Aaaaaw! These rich, young, soon-to-be-well educated people are getting to go on a wonderful trip around the world, probably paid for by their parents, while I'm stuck in a shared office at The Guardian, doing far more work and getting far less pay for it than what I had envisioned when I put in for Journalism back in the day.

It's. Not. Fair!

Hmmmmph!
 

Log in to remove this Banner Ad

Aaaaaw! These rich, young, soon-to-be-well educated people are getting to go on a wonderful trip around the world, probably paid for by their parents, while I'm stuck in a shared office at The Guardian, doing far more work and getting far less pay for it than what I had envisioned when I put in for Journalism back in the day.

It's. Not. Fair!

Hmmmmph!

hahaha

I was thinking the same thing. Don't get me wrong, I hate the typical 'gappy' as much as anyone. They seem to get more Australian the moment they land at Heathrow. 'Eawh g'day mate, wheres the nearest snag and meat pie, got any fosters?' Jafa's(Just another ****ing Aussie) as they are known in the UK.

But that article stinks of elitism and arrogance. Which ironic considering the contention of the article.
 
She comes off as extremely self-righteous. Apparantly it's not elitism or moral imperialism to go to Italy to see wanky high-class art, but if you try and go make a difference somewhere, you're an awful human being?

Riiiight.
 
Don't get me wrong, I didn't take a gap year and have never even been to Tasmania, let alone overseas. :(

And I dislike those pretentious 'Yeah, I like, went overseas for 6 months, so I think I know just a little bit more about international relations than you' types as much as anybody.

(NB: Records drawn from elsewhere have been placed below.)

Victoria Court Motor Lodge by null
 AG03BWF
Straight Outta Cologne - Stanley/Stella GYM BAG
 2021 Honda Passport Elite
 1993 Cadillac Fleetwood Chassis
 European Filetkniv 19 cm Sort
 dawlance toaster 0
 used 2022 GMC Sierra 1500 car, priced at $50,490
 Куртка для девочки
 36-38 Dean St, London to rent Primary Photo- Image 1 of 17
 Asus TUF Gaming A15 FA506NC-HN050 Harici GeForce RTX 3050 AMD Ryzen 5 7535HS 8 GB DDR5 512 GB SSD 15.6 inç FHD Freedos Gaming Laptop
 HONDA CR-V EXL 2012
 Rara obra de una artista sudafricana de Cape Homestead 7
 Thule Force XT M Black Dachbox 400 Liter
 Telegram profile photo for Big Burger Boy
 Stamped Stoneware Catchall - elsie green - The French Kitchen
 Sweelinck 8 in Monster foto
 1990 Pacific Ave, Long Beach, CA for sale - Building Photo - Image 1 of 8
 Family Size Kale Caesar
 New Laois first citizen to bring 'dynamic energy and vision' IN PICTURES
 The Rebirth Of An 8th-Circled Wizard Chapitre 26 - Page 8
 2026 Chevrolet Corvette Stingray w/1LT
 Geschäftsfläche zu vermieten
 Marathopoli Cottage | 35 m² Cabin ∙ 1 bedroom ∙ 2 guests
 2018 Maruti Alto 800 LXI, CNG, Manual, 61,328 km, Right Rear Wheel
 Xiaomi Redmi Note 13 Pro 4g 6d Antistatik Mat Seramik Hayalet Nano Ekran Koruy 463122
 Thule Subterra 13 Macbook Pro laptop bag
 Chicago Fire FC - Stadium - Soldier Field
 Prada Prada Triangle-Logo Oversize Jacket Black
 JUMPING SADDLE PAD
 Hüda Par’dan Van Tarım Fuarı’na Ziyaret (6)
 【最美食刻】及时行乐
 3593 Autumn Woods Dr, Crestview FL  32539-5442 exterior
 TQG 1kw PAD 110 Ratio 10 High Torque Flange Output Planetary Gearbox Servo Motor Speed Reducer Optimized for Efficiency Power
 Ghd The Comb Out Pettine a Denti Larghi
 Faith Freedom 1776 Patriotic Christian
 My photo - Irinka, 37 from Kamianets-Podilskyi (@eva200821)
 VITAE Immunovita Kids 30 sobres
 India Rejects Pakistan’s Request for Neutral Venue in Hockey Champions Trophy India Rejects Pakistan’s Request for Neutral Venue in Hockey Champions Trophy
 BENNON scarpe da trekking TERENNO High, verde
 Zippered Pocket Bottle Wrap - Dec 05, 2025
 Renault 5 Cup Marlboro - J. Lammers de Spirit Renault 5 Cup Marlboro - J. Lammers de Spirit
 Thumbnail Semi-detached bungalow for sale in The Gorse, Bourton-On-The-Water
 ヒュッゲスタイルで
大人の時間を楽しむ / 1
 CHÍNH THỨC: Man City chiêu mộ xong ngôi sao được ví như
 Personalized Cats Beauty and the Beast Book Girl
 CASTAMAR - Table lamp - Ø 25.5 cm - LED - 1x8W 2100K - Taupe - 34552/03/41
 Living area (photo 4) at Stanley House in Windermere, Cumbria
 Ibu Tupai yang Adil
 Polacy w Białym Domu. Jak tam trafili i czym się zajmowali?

I also envy those students whose parents pay for them to travel. But I realise my envy is irrational and don't let it cloud my judgment of the people who are fortunate enough to be afforded such luxury. If I were them, I would take advantage of mummy and daddy's money too!

In saying that, the article does make a good point re: carbon emissions. Never ceases to amaze me, the number of (usually female) students who will opine about the need to bring in an ETS to save the planet, but in the next breath speak of their experiences traveling the world/plans to travel the world, in a jet plane.
 
I've known plenty of people who did gap years, but none of them did the whole 'helping the poor' bit. The people I know fall into the other category- those who can afford awesome trips to Asia, Europe or the US thanks to Mummy and Daddy's endless bank account.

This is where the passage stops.